Example 6: Find the angle between the vectors \vec{a}=4\hat i + 3\hat j - \hat k \\\vec{b}=2\hat i - \hat j + 2\hat k

Solution :

\vec{a}=4\hat i + 3\hat j - \hat k \\\vec{b}=2\hat i - \hat j + 2\hat k

cos θ = \frac{\vec A.\vec B}{|A|.|B|}

a.b = (4 x 2) + (3 x (-1)) + (( -1) x 2)
= 8 - 3 - 2 = 3

|a| = √ (4) ² + (3) ² + (- 1) ²
|a| = √ 16 + 9 + 1 = √ 26

|b| = √ (2) ² + (- 1) ² + (2) ²
|b| = √ 4 + 1 + 4 =|b|
= √ 9 = 3

Now computig value cos θ

cos θ = a.b/|a||b|
= 3 /3√26
=1/√26

θ = cos^-1 1/√26
θ =78.7

Unsolved Examples on Vector Projection

Question 1: Find the projection of vector \overrightarrow{a} = 6\hat{i}-2\hat{j}+3\hat{k} on the vector \overrightarrow{b} = 3\hat{i}+4\hat{j}-\hat{k}.

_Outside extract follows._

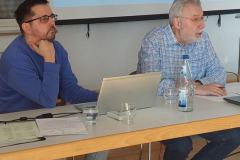 signal-2025-03-27-131607_004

Question 2: If the project of \overrightarrow{A} on \overrightarrow{B} is 5 units, and |\overrightarrow{A}| = 10, find the angle between \overrightarrow{A} and \overrightarrow{B.}

Question 3: The projection of vector \overrightarrow{a} = 2\hat{i}-\hat{j}+2\hat{k} on vector \overrightarrow{b} = \hat{i}+2\hat{j}+2\hat{k} is equal to the projection of \overrightarrow{b} on \overrightarrow{a}.

Find the ration of magnitudes |\overrightarrow{a}|: |\overrightarrow{b}|.

Question 4: Two vectors are given as \overrightarrow{p} = 3\hat{i}+2\hat{j}+6\hat{k} and \overrightarrow{q} = x\hat{i}-3\hat{j}+2\hat{k}.

If the projection of \overrightarrow{p} on \overrightarrow{q} is zero, find the value of x.

Question 5: Find the projection of vector \overrightarrow{a} = 7\hat{i}-5\hat{j}+2\hat{k} on a unit vector in the direction of \overrightarrow{b} = 3\hat{i}+2\hat{j}+6\hat{k}.

Example 6: Let \overrightarrow{a} = \hat{i}+2\hat{j}+2\hat{k} and \overrightarrow{b} = 2\hat{i}+\hat{j}+2\hat{k}.

Find the projection vector (not just scalar) of \overrightarrow{a} on \overrightarrow{b}, and state its direction.